In the ICU on HD#4, she transitioned to bilevel positive airway pressure ventilation. She remained tachypneic with respiratory rates over 30 breaths per minute and hypoxic receiving fraction of inspired oxygen (FiO₂) at 90%. An arterial blood gas revealed a pH of 7.32, partial pressure of oxygen (PaO₂) of 62 mmHg, partial pressure of carbon dioxide of 39 mmHg, and bicarbonate of 19.6 mmol/L. Her anion gap was normal, consistent with a primary metabolic acidosis with respiratory compensation. Additionally, given her arterial hypoxemia with a PaO₂/FiO₂ ratio of 68.89 mmHg, acutely worsening respiratory symptoms, bilateral pulmonary opacities on CXR and CT, and absence of left heart failure on echocardiogram, she met diagnostic criteria for acute respiratory distress syndrome (ARDS). Her hydrocortisone was increased to 100 mg every 6 hours, sulfamethoxazole/trimethoprim and azithromycin were initiated for coverage of atypical pneumonia, and diuresis was continued for NCPE/ARDS.

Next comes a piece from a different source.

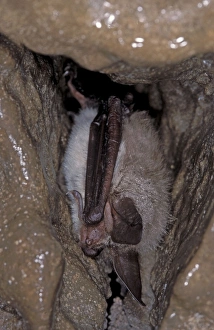 Images Dated 9th November 2011: Bechstein's Bat - hibernation at cave - the Ardennes - Belgium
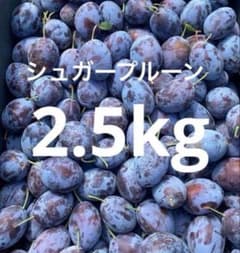 青森県産　シュガープルーン　約2.5kg　　全国送料無料のサムネイル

She was ultimately intubated on HD#5. Bronchoscopy with bronchoalveolar lavage (BAL) was performed to assist with elucidating an etiology. BAL cytology was notable for a neutrophilic predominance with serial bloody aliquots suggestive of diffuse alveolar hemorrhage (DAH). Further workup using BAL cytology included testing for fungus (Histoplasma species, Aspergillus species, Candida species, and fungal culture), bacteria (Pneumocystis jirovecii, Pseudomonas aeruginosa, MRSA, Nocardia species, Legionella species, Mycobacterium species, and bacterial culture), and vasculitides (autoimmune-mediated, immune complex-mediated, and antineutrophil cytoplasmic antibody-associated). These all returned negative. Given all of these results and input from the multiple clinical services involved in her care, her condition was attributed to grade 4 pneumonitis from G/D. She remained on her steroid regimen to treat her G/D-induced pneumonitis, and her empiric antibiotics were discontinued when the bacterial studies resulted.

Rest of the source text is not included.